3

I'm trying to extract some text using awk.

Here is the sample file:

...
var a=2;
var x=[
        0, 1;
        1,0;
        2,1;
        3,2];
other text
//this is a comment with brackets []

So, when I execute the following command :

awk '/var/ , /;/' file

I obtain :

var a=2;
var x=[
        0, 1;

Result expected :

var a=2;
var x=[
        0, 1;
        1,0;
        2,1;
        3,2];

Logically, the previous command took the first ; and print the result.

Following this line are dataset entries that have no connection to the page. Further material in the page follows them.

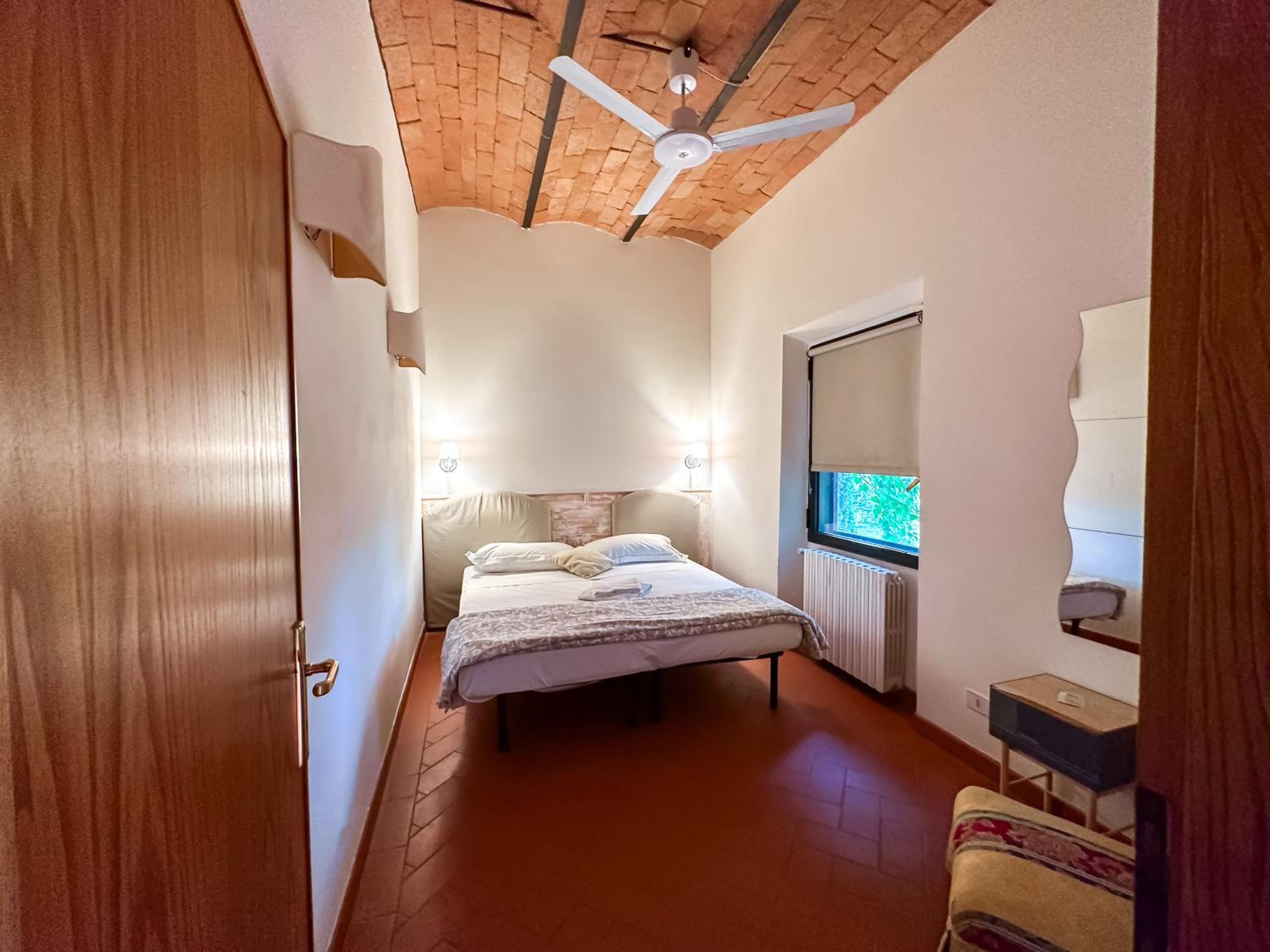 Tenuta Massabò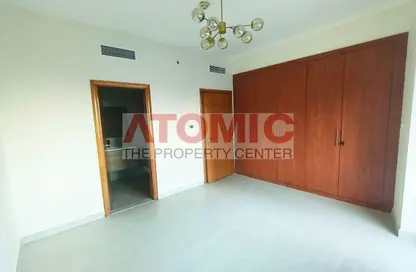 Apartment - 2 Bedrooms - 2 Bathrooms for rent in Marina Diamond 5 - Marina Diamonds - Dubai Marina - Dubai Apartment - 2 Bedrooms - 2 Bathrooms for rent in Marina Diamond 5 - Marina Diamonds - Dubai Marina - Dubai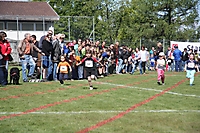 gSigriswiler2014_075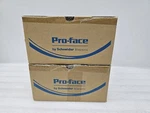 New Proface , Schneider SP-5B10 PFXSP5B10 Processor Module. Fixed Price $499.99.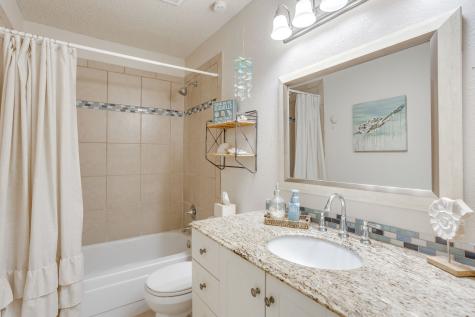 8849 Mystic Trail Fort Worth TX 76118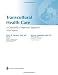 Book cover of Transcultural Health Care: A Culturally Competent Approach (Transcultural Healthcare (Purnell)).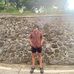 Eric Balin - Facebook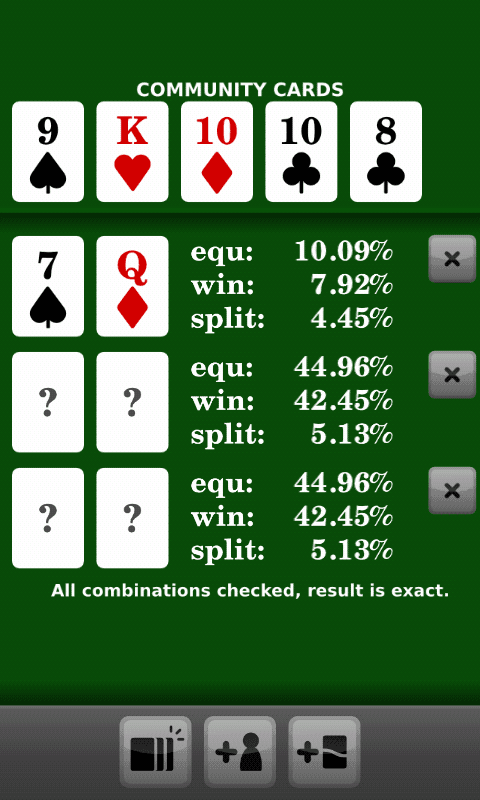 616907_4.png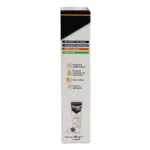 Pouxit baume décolleur de lentes + peigne
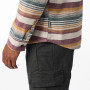 Chemise homme Royal Robins Clouds Rest Hemp L/S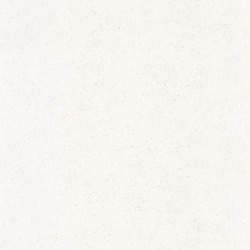 PAPEL PINTADO SO COLOR 5 COLR88090101 "ENVIO GRATIS"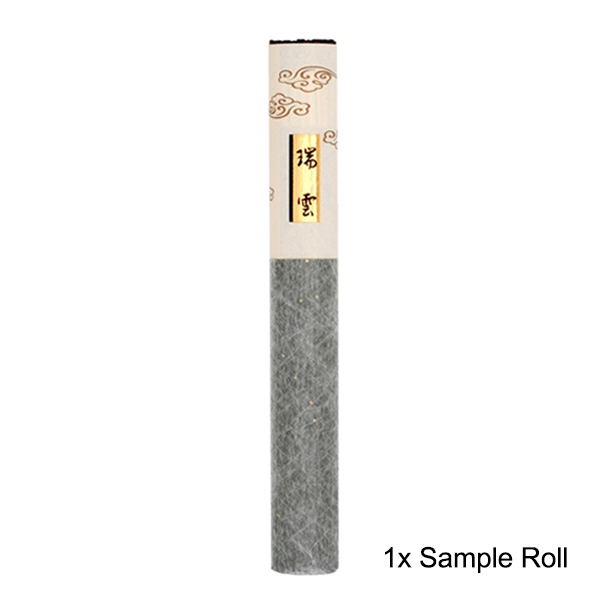 Zuiun Deluxe Aloeswood Incense Sticks、mySite、topwebapps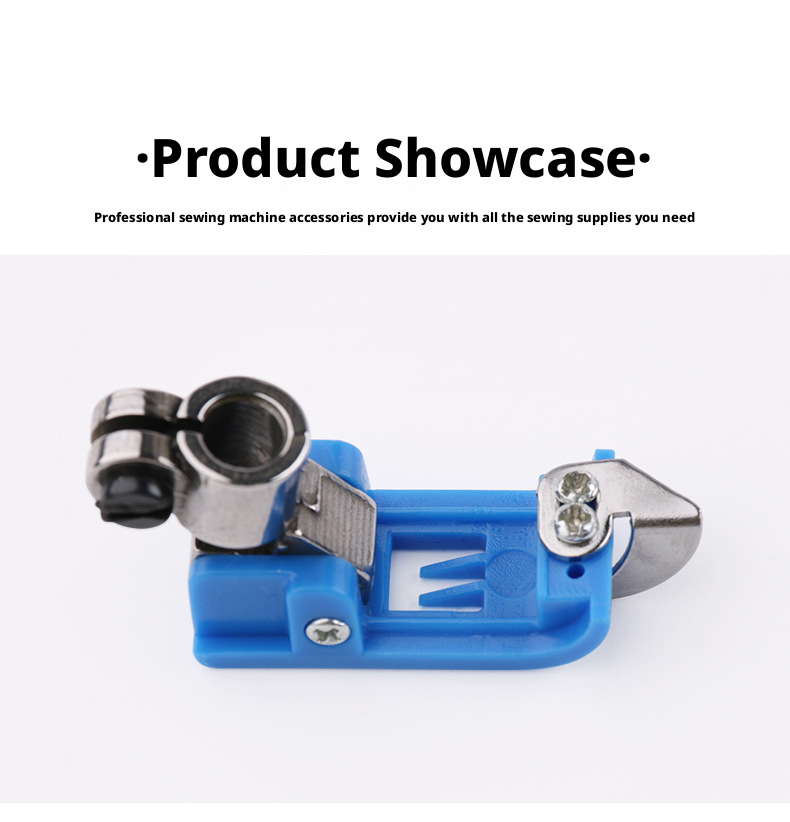 W500 Coverstitch Machine 5.6mm - Sewing Machine Needle review and price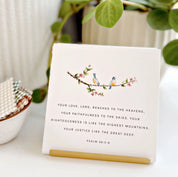 Truth For Today Love Cards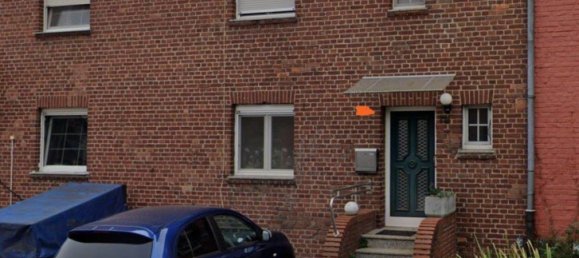 Таунхаус с 3 спальнями в Везель, Германия № 237469 2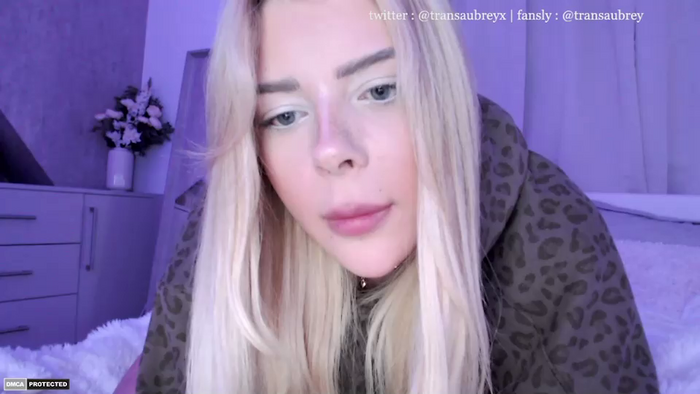 transaubrey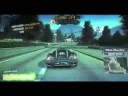 40X Stunt Run Mutliplier Walkthrough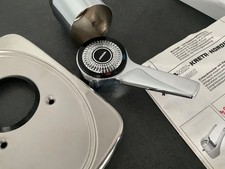 Hansa Mix Hansamix alte Serie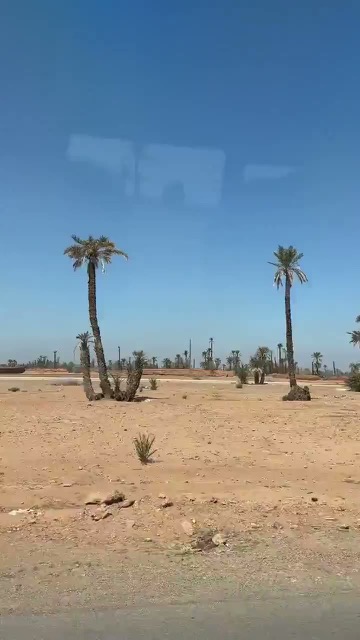 Morocco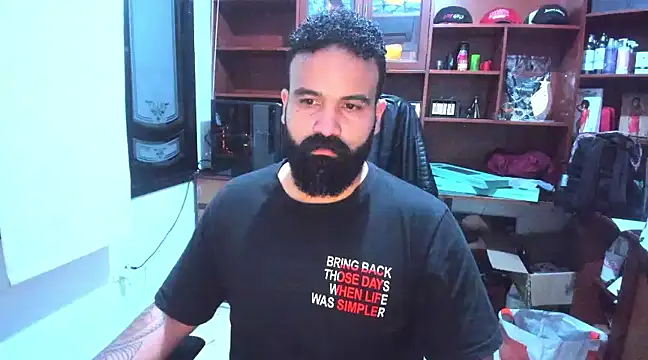 Snapshot of Drako_Argentii chatting on January 2025 03:37:01 AM Drako Argentii online show from January 2025 03:37:01 AM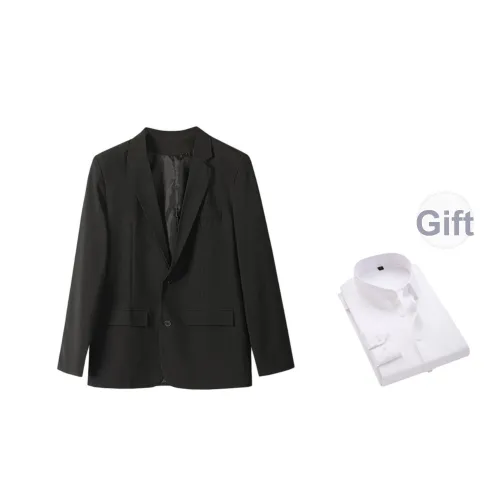 TUCANO Мужские Деловые Костюмы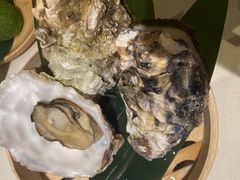 -赤坂亭M9和牛烧肉·日料398放题(万达店)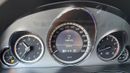 مرسيدس بنز E300 AVANTGARDE SPORT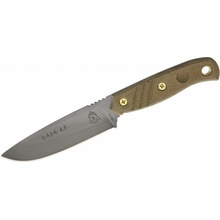 TOPS KNIVES Baja 4.5 BAJA-4.5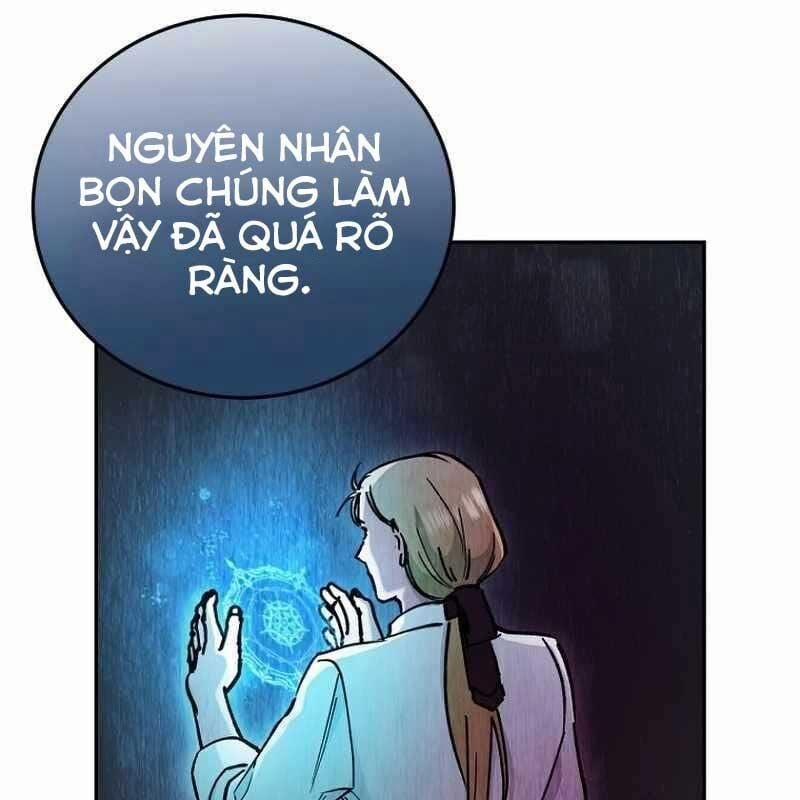 manhwax10.com - Truyện Manhwa Trở Thành Công Chức Pháp Thuật Chương 6 Trang 37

The process should ignore ; if that one is matching with the following regex: ^[\t\ ]{1,}[0-9,]{1,}.*;$

Do you have any idea about it?

wolfgunner
  • 119
  • 2
  • 13
  • 1
    How about `awk '/var/ , /];/' file` ? – anubhava Feb 28 '23 at 15:22
  • A generalization and enhancement of the concept could be seen here: https://stackoverflow.com/a/31112076/42580 – UlfR Feb 28 '23 at 15:35
  • @wolfgunner : side note : for `ERE`, you can trim :::::::: ::::::::::::: ::::::::::::::::: :::::::::::::::::::::: ::::::::::::::::::::::::: `(\[|\(|\{).*[;].*(\]|\)|\{)` to simply `[[({].*;.*[]){]` :::::::::::::::::::: ::::::: p.s. you actually want `{` on right hand side match instead of `}` ? – RARE Kpop Manifesto Feb 28 '23 at 17:34

5 Answers5

6

You can just match ]; or ] *; like this:

awk '/var/ , /] *;/' file

var x=[
        0, 1;
        1,0;
        2,1;
        3,2];
anubhava
  • 761,203
  • 64
  • 569
  • 643
  • We could have another line (i.e comment) like : `//this is an array []`, so the output prints also the latest line !! – wolfgunner Mar 03 '23 at 07:35
  • We are matching `]` followed by 0 or more whitespaces then a `;` but your comment line doesn't have `;` – anubhava Mar 03 '23 at 10:24
  • I suggest you edit your question and show updated input with expected output so that may be I can understand it better. – anubhava Mar 03 '23 at 10:36
4

With your shown samples please try following GNU awk code. Written and tested with shown samples Only.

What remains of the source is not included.